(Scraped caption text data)
=== Begin Enclosure ===
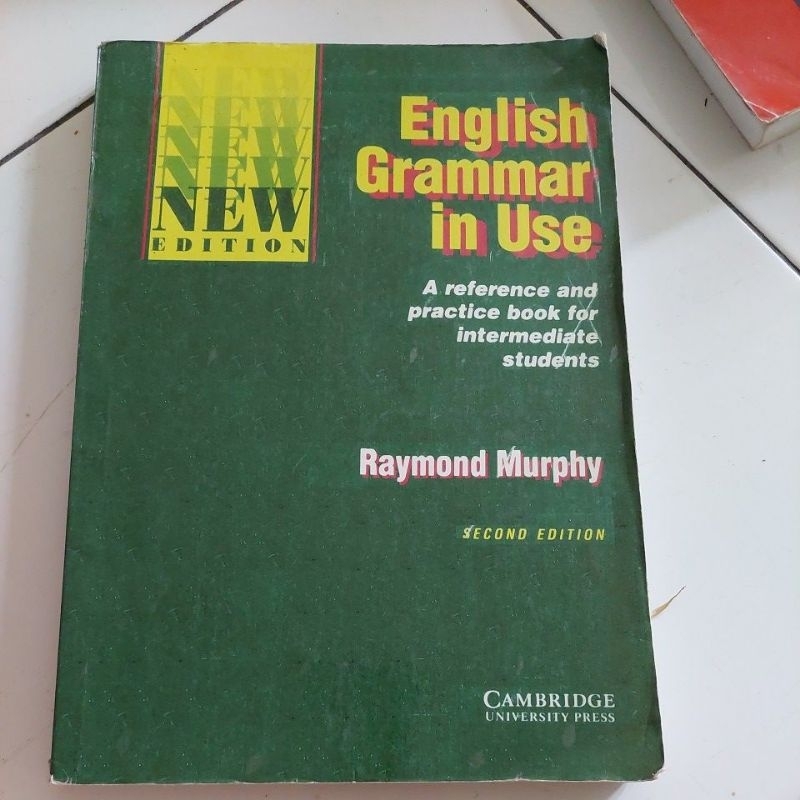 NEW ENGLISH GRAMMAR IN USE
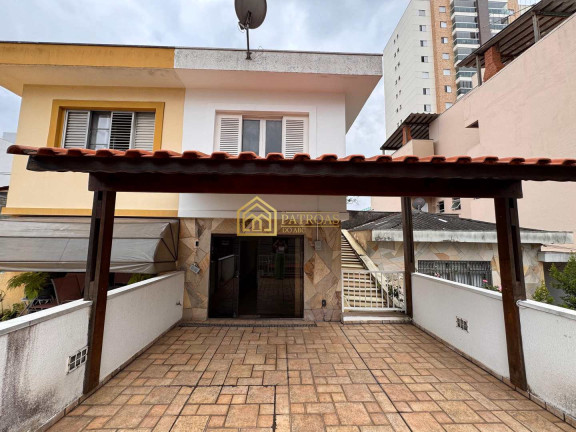 Imagem Casa com 3 Quartos à Venda, 210 m² em Anchieta - São Bernardo Do Campo Imagem Casa com 3 Quartos à Venda, 210 m² em Anchieta - São Bernardo Do Campo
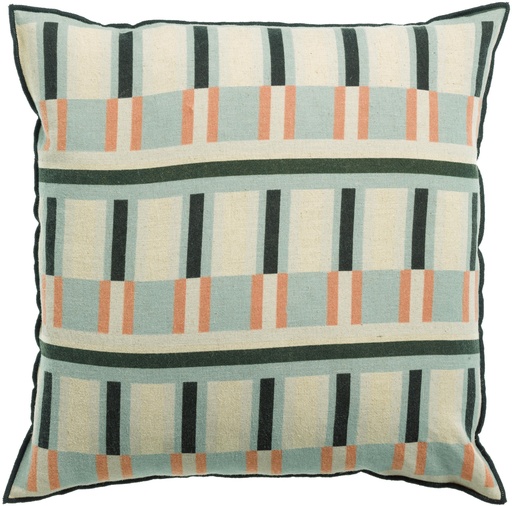 Coussin imprimé Jason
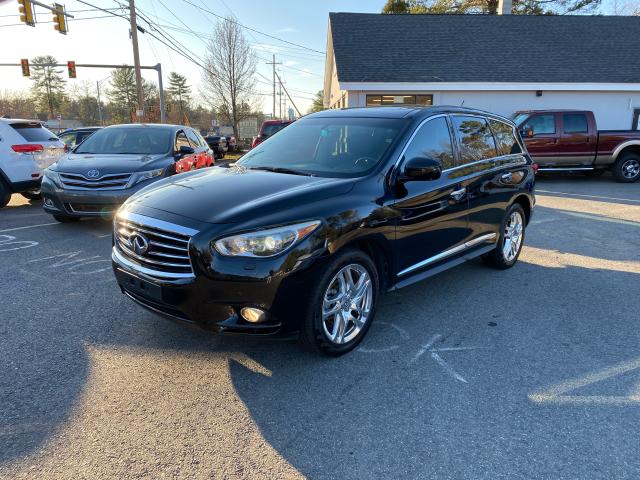 Infiniti Jx35 (2013)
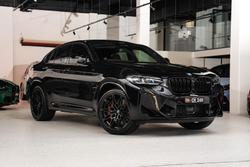 2024 BMW X4 M Competition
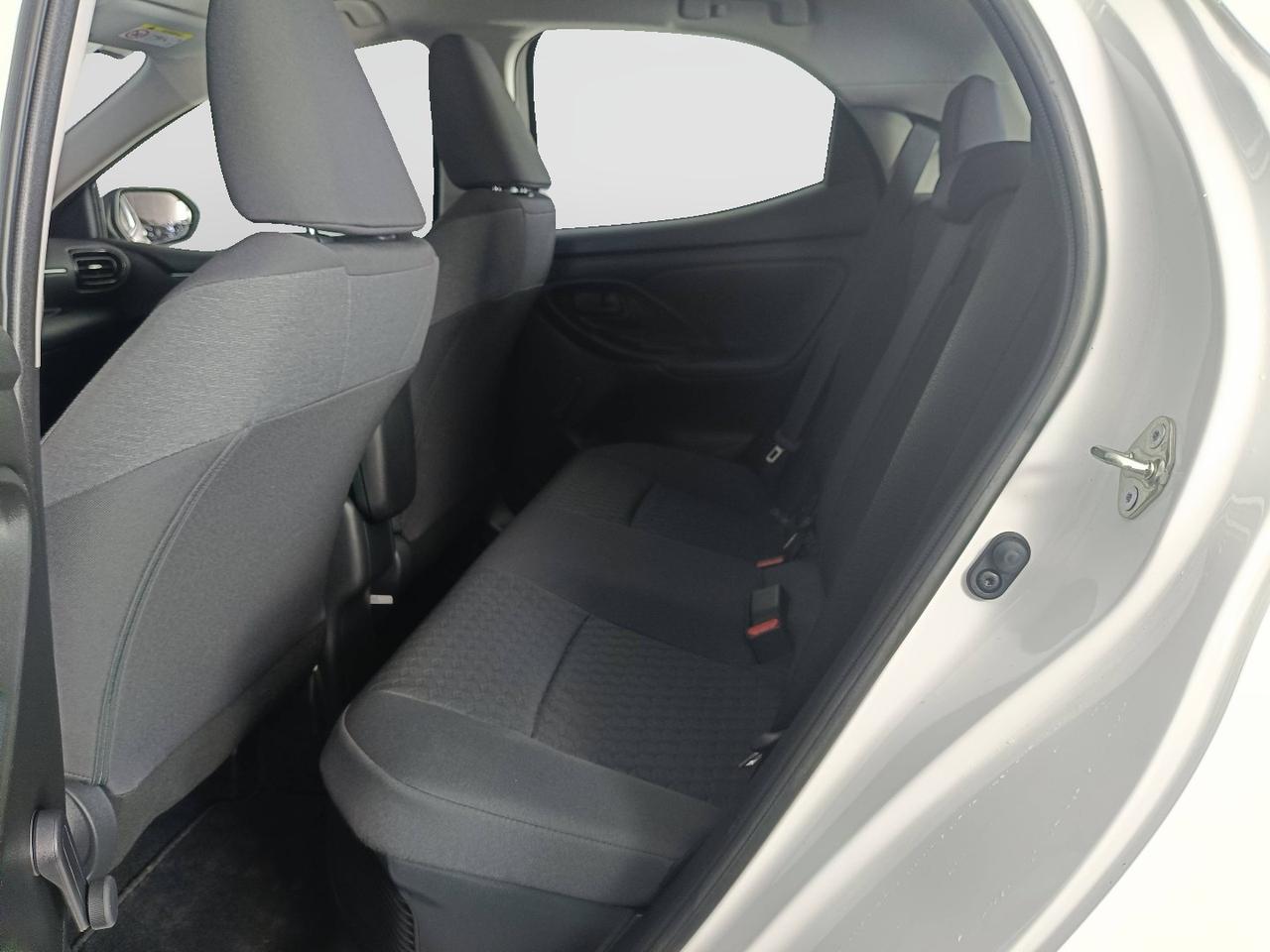 TOYOTA Yaris - MY'22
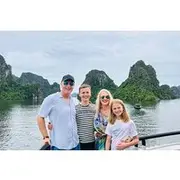 Save 5.01%! From Hanoi: Ha Long Bay Day Trip on Luxury Cruise & Buffet Lunch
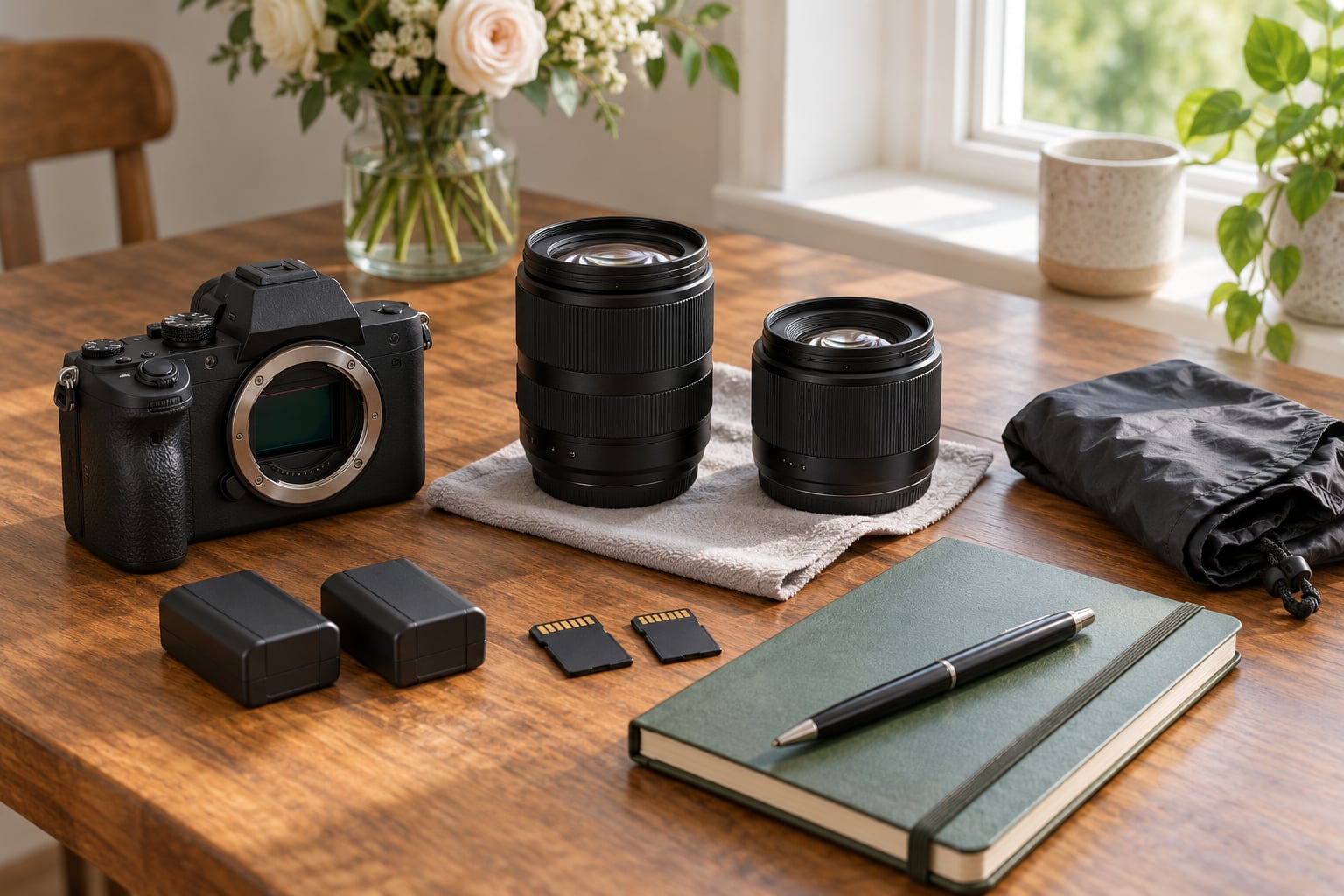 how to photograph a wedding as a beginner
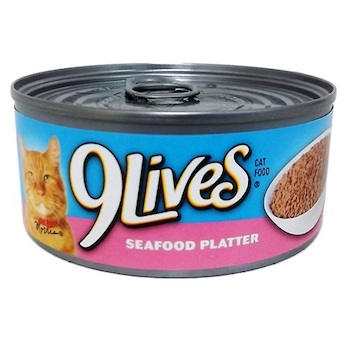 Save $1 off 9Lives Wet Cat Food 12-Packs with Printable Coupon – 2018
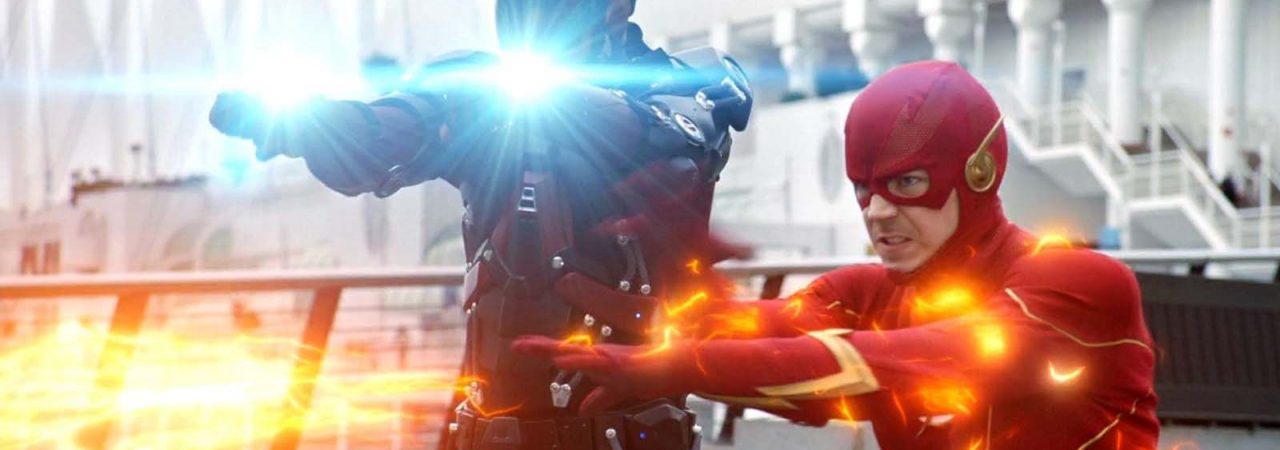 Phim Người Hùng Tia Chớp ( 8) - The Flash (Season 8) PhimChill Vietsub (2021)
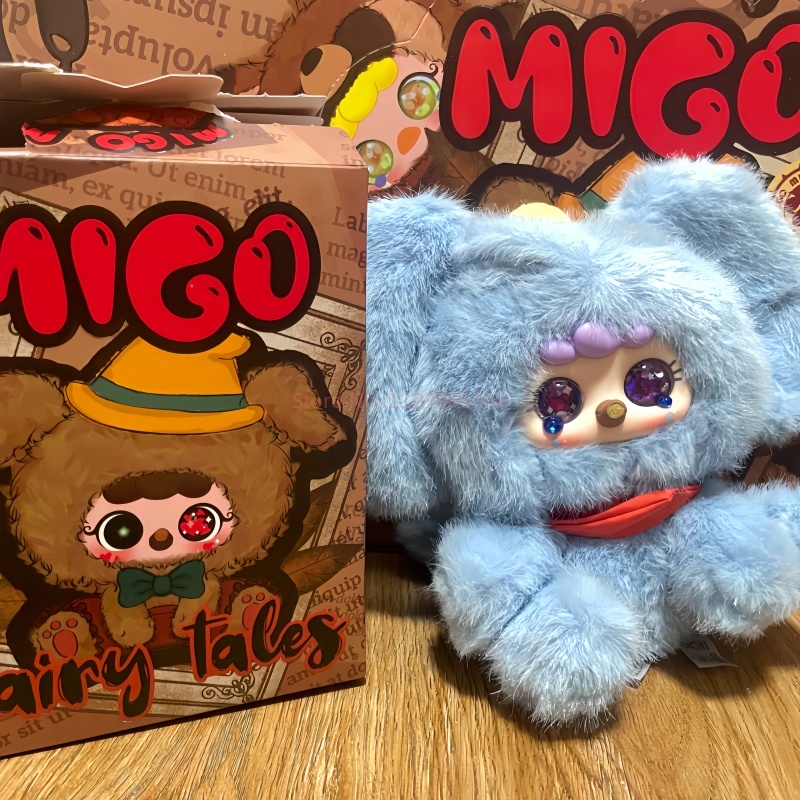 Kids Toys China - ตุ๊กตา Migo Original New Migo Fairy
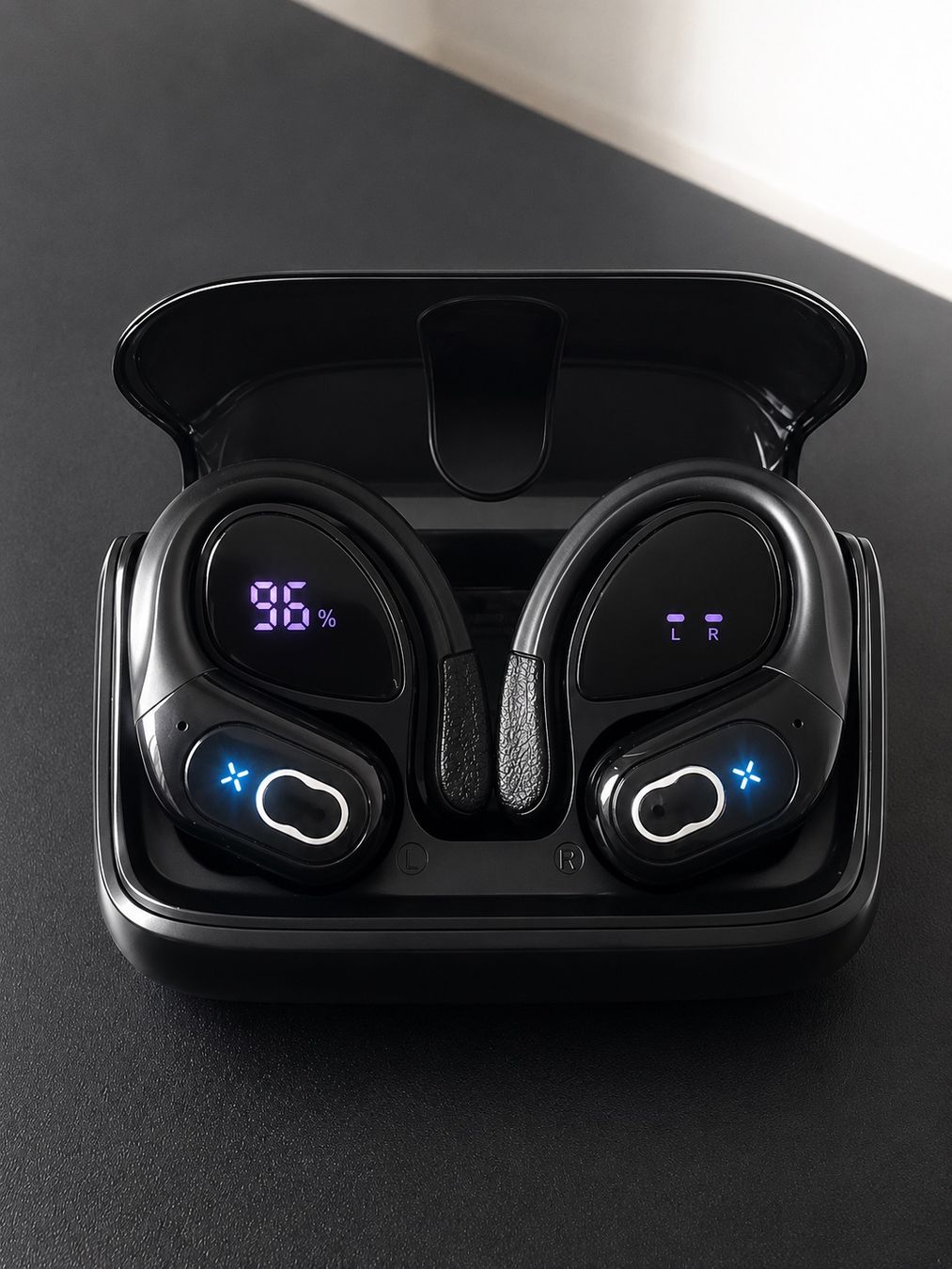 Kopfhörer: AI Übersetzer-Kopfhörer mit Bluetooth – Gebraucht aus Lausanne von AufLiebesehen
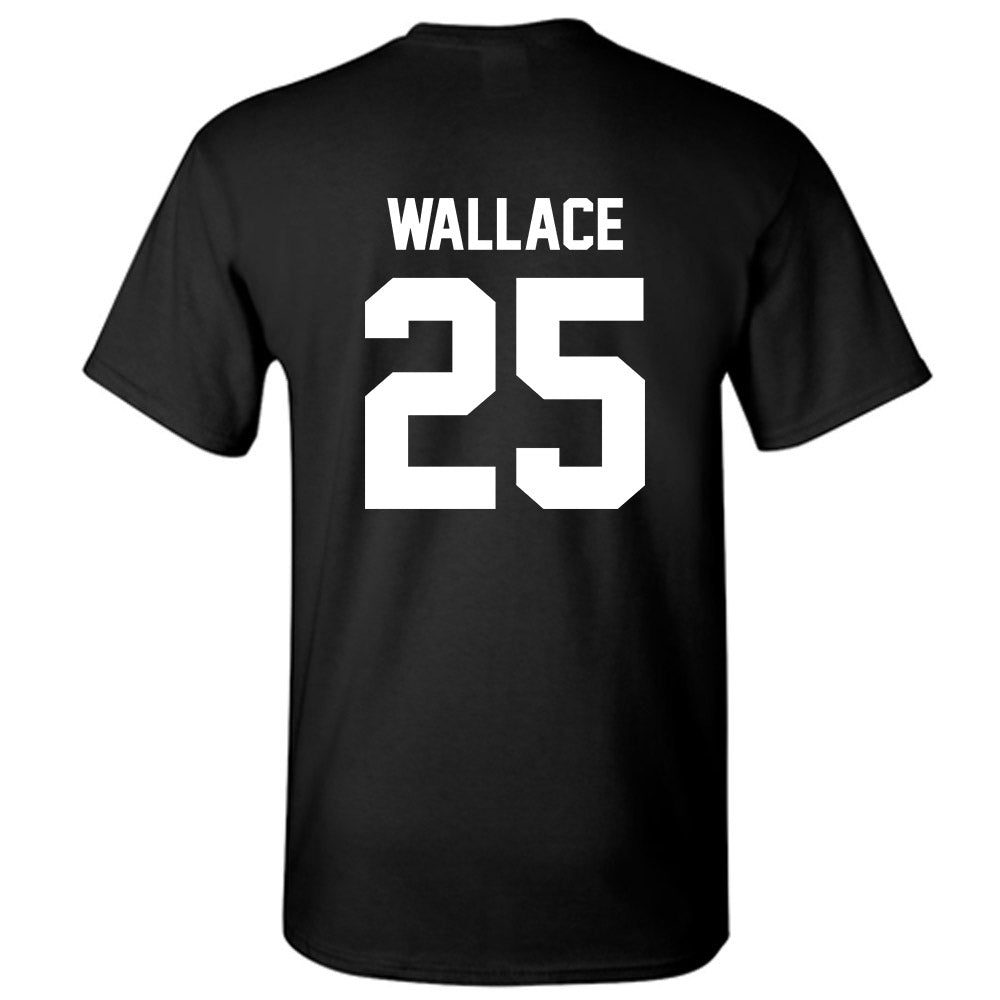 Arkansas - NCAA Football : Tavion Wallace - Generic Shersey T-Shirt-1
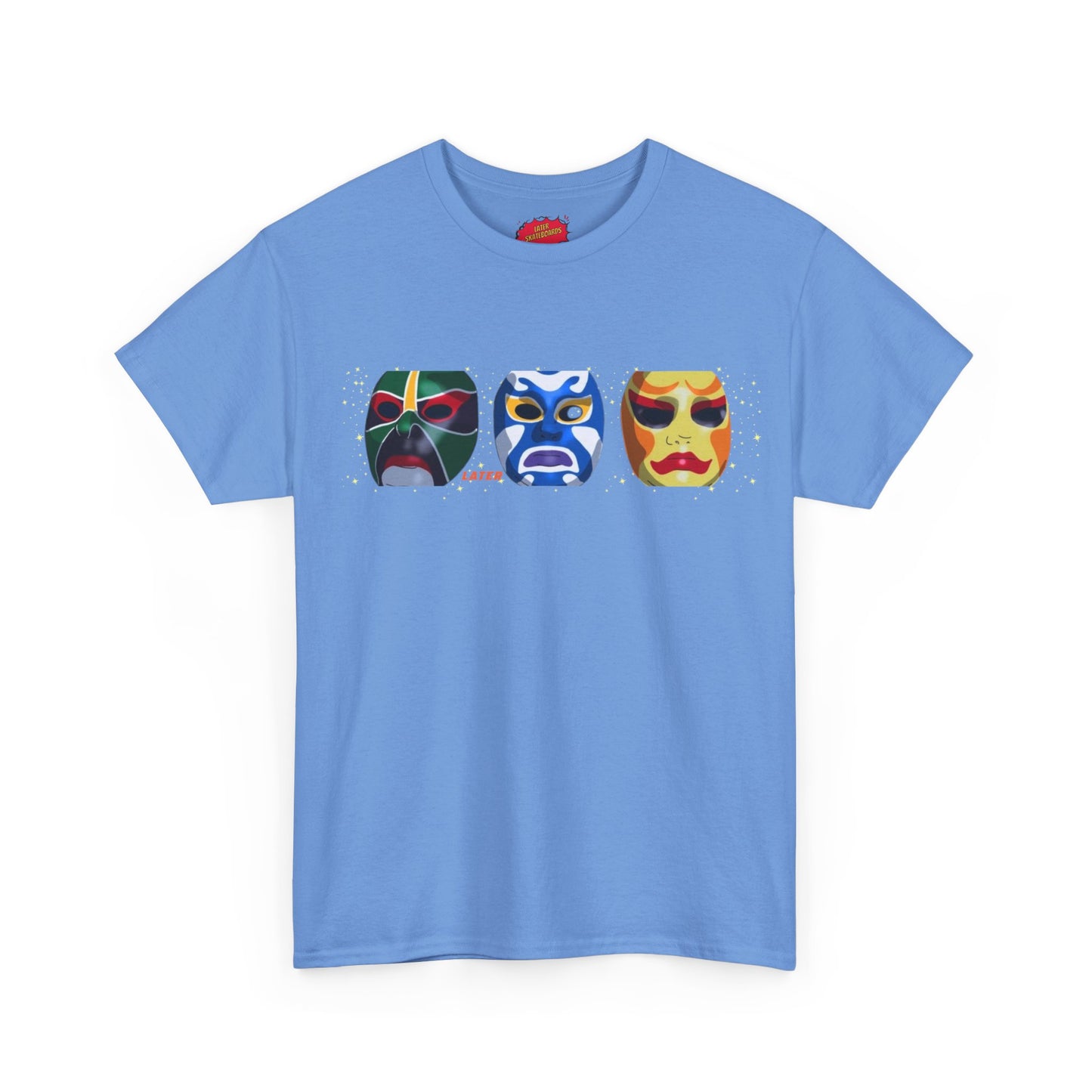 Later 3 Ninjas Tee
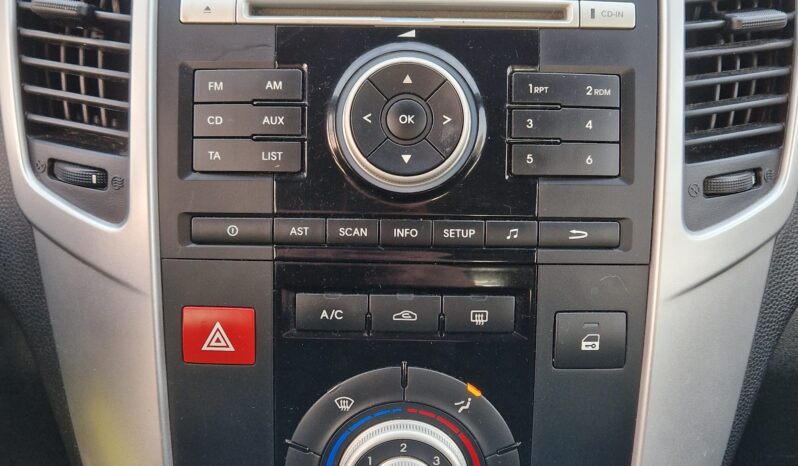 kia Venga 1,4 Cvvt X-tra 5Dr hoge instap Trekhaak vol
=== End Enclosure ===
▸ **Problem**: Please transcribe exactly the lines from the start of the records through the line containing "Save $1 off", leaving the pictures out.

▸ **Task answer**:
 NEW ENGLISH GRAMMAR IN USE
 Imagem Casa com 3 Quartos à Venda, 210 m² em Anchieta - São Bernardo Do Campo Imagem Casa com 3 Quartos à Venda, 210 m² em Anchieta - São Bernardo Do Campo
 Coussin imprimé Jason
 Infiniti Jx35 (2013)
 2024 BMW X4 M Competition
 TOYOTA Yaris - MY'22
 Save 5.01%! From Hanoi: Ha Long Bay Day Trip on Luxury Cruise & Buffet Lunch
 how to photograph a wedding as a beginner
 Save $1 off 9Lives Wet Cat Food 12-Packs with Printable Coupon – 2018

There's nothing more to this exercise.